Leyton Orient manager Richie Wellens said in this to BBC Sport in his post-match press conference about losing the final and remaining in EFL League One for the following season: "It's really difficult for me, it's heart-breaking to be honest, it is hard". On player retention for the following season: "Our budget is not like some other clubs. The end of that [first] season, I lost two or three of my best players. Next season, we got promoted, I lost a few more. It's the same every season. Potentially, we're going to lose six or seven now. I am gutted for the supporters but I'm also heartbroken this is the last time I will ever manage this set of players as a collective".

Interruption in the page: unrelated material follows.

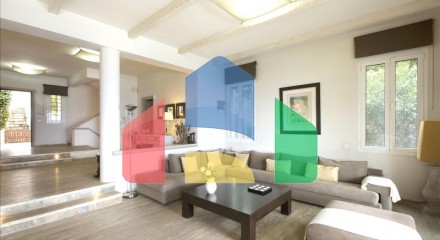 Продажа - Вилла 350 m² Эвия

Prior to the following season Charlton Athletic made 9 signings with Sonny Carey joining from EFL League One club Blackpool, Thomas Kaminski joining from another EFL League One club Luton Town, Tanto Olaofe joining from Stockport County, Amari'i Bell also signing from Luton Town alongside Reece Burke, Joe Rankin-Costello joining from fellow EFL Championship club Blackburn Rovers, Rob Apter also signing from Blackpool, Charlie Kelman signing from Leyton Orient - after playing against Charlton Athletic in the play-off final in the previous season and also winning the 2024-25 EFL League One Golden Boot - and Harvey Knibbs singing from Reading - after he was the first person since Dave Kitson to score 15 or more goals in all competitions for the Royals in back-to-back seasons since the 2005-06 season. However, the following players left Charlton Athletic at the end of the previous season: Chuks Aneke who later joined EFL League Two club Shrewsbury Town, Dean Bouzanis who joined A-League club Brisbane Roar, Aaron Henry who later joined National League club Boreham Wood, Danny Hylton who retired, Thierry Small who joined EFL Championship club Preston North End and Tennai Watson who signed for EFL League One club Barnsley.

Leyton Orient also made 9 signings in order to have another go at getting promoted to the EFL Championship with Killian Cahill joining from Premier League club Brighton & Hove Albion, Demetri Mitchell joining from EFL League One club Exeter City, Michael Craig signing from another EFL League One club Reading, Idris El Mizouni signing from EFL Championship club Oxford United, Aaron Connolly signing from another EFL Championship club Millwall, Tyreeq Bakinson joining from Wycombe Wanderers, Josh Koroma signing from Huddersfield Town, Lemar Gordon joining from Fulham and Charlie Wellens signing from Reading - like Michael Craig earlier in the window and to join his dad Richie Wellens at the club. However, the following players left Leyton Orient at the end of the previous season: Ethan Galbraith who later joined EFL Championship club Swansea City, Jordan Brown who signed for EFL League One club Blackpool, Charlie Pegrum who joined National League South club Hornchurch and Brandon Cooper who then joined EFL League Two club Salford City.